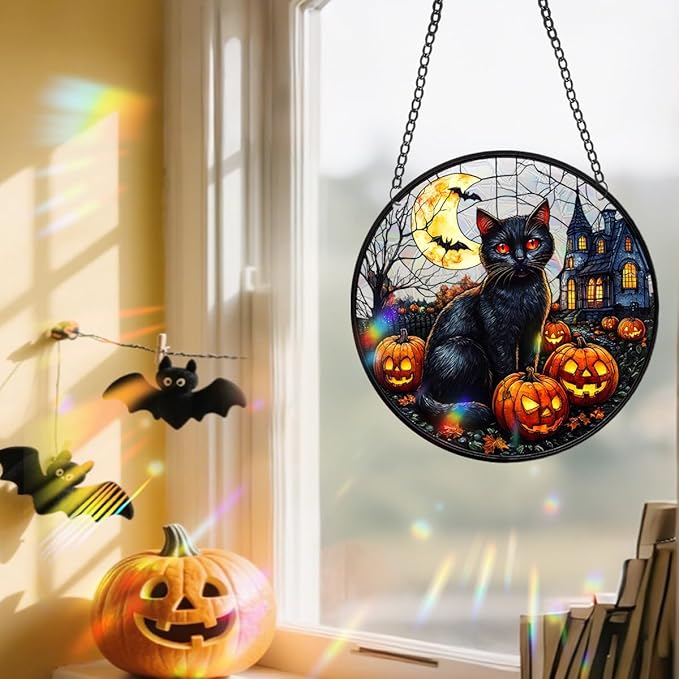 Halloween Sun Catcher - 8 Inch Round Suncatcher for Window Hanging Decoration - Creates Indoor Rainbows Light Refraction - Spooky Ghost, Witch, Pumpkin Design - Suction Cup Hook & Chain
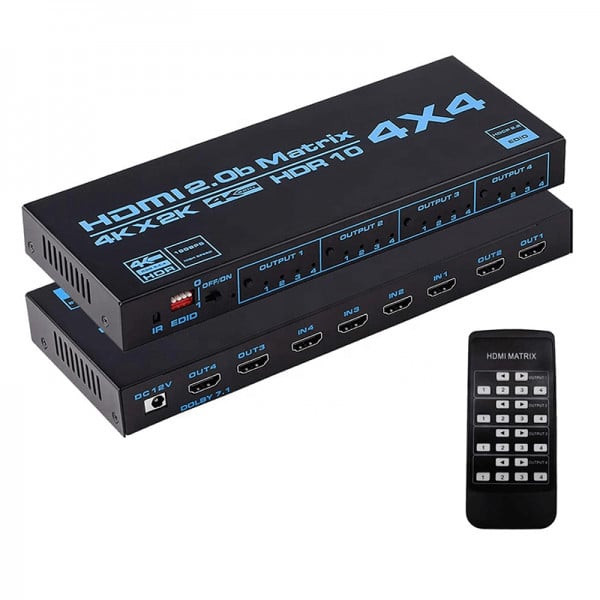 Switch HDMI 2.0b HDCP 2.2 MATRIX 4k 60Hz, 4in 4out, 18Gbps, EDID, cu telecomanda IR - 1 | YEO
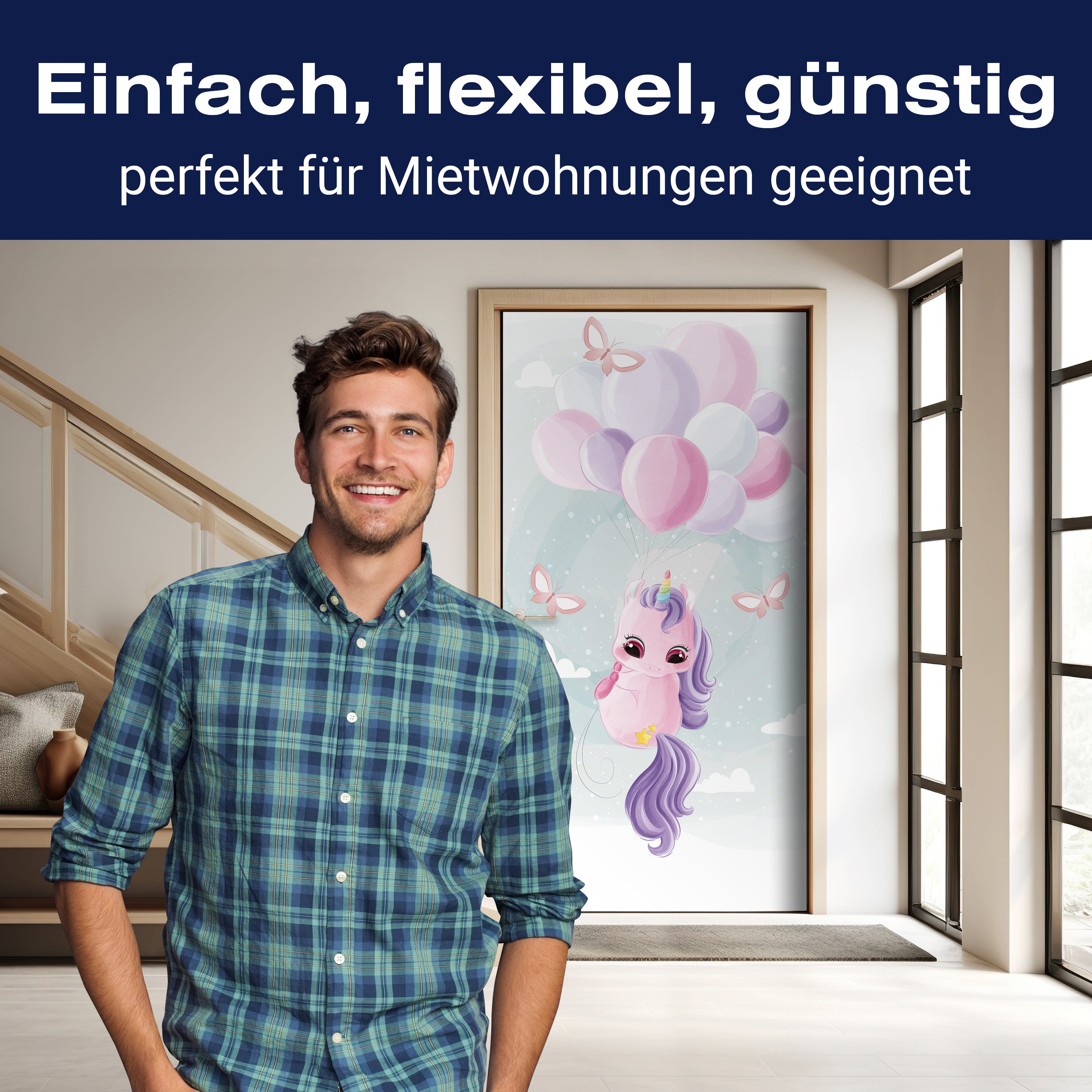 Türtapete Aquarell Einhorn,Luftballons, Regenbogen M1192 - Bild 3 Türtapete Aquarell Einhorn,Luftballons, Regenbogen M1192 - Bild 3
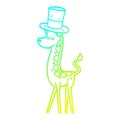 A creative cold gradient line drawing cartoon giraffe in top hat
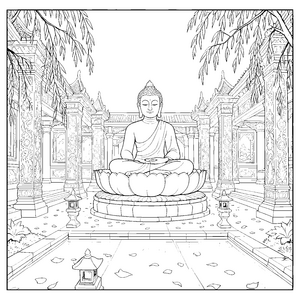 Erhabener Buddha auf Lotusblüte Ausmalvorlage für kreative Träumer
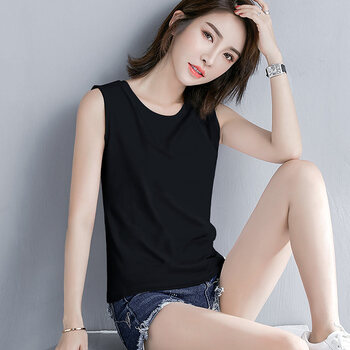 女式砍袖背心白色吊带打底小女内搭外穿短款运动无袖打底衫上衣夏潮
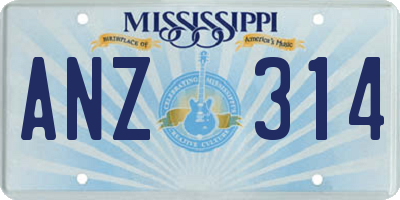 MS license plate ANZ314
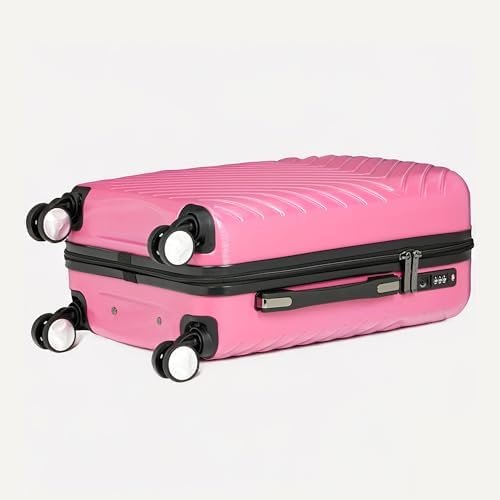 Amazon Basics Carry-On Luggage With Wheels, Expandable 21.7" Geometric Travel Suitcase, TSA Lock, Pink - Image 5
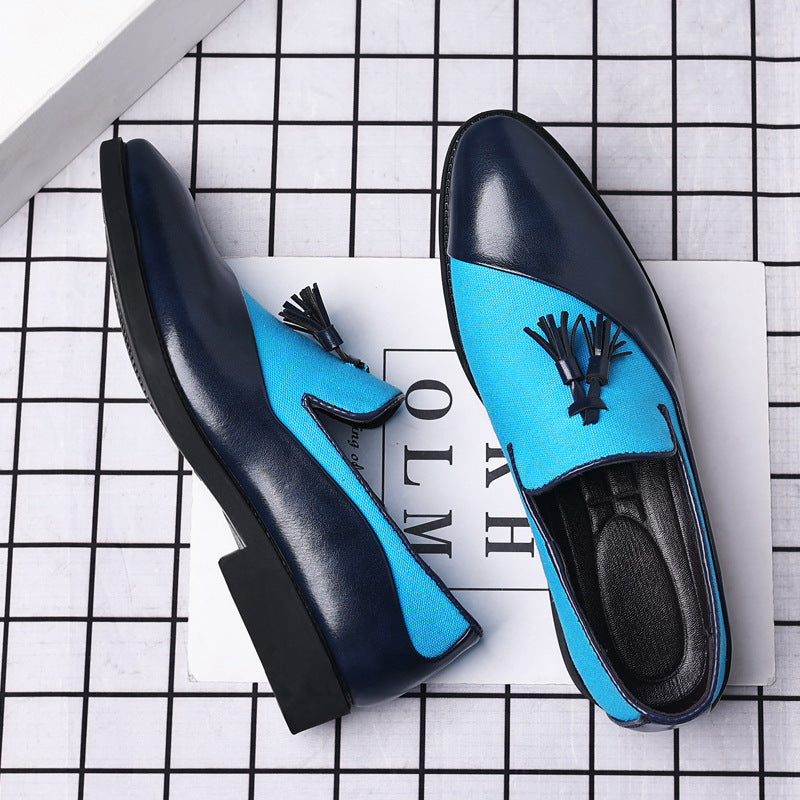 Men's Two-Tone Leather Tassel Loafers - Business Formal British Style Slip-On Shoes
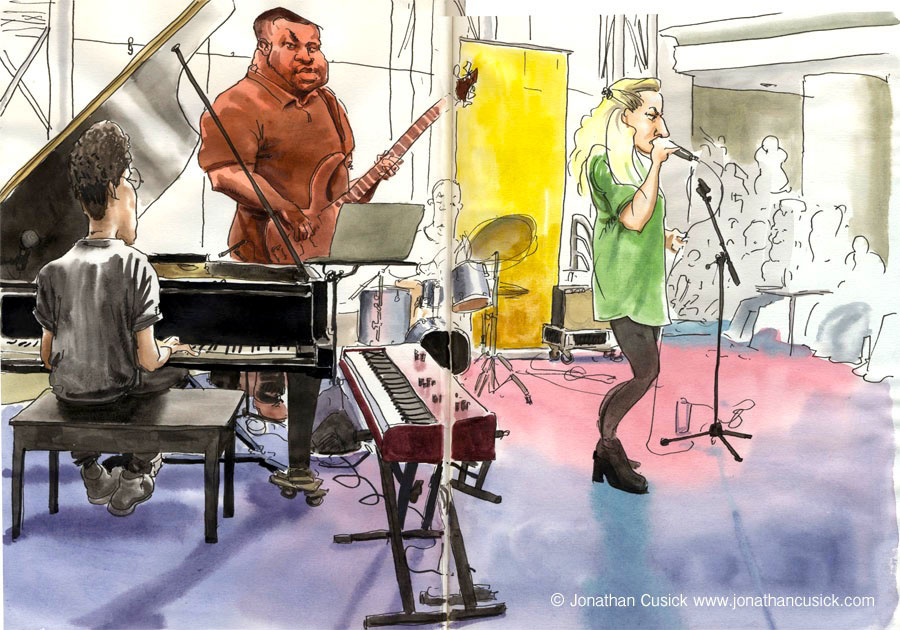 drawing by jazz illustrator of Reuben James at jazz gig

========================================

■ **Task requirements**: Output only the lines running from the one containing "MS license plate ANZ314" to the end of the records, inclusive and exact; skip the pictures.

■ **Result of this exercise**:
 MS license plate ANZ314
 Amazon Basics Carry-On Luggage With Wheels, Expandable 21.7" Geometric Travel Suitcase, TSA Lock, Pink - Image 5
 Men's Two-Tone Leather Tassel Loafers - Business Formal British Style Slip-On Shoes
 drawing by jazz illustrator of Reuben James at jazz gig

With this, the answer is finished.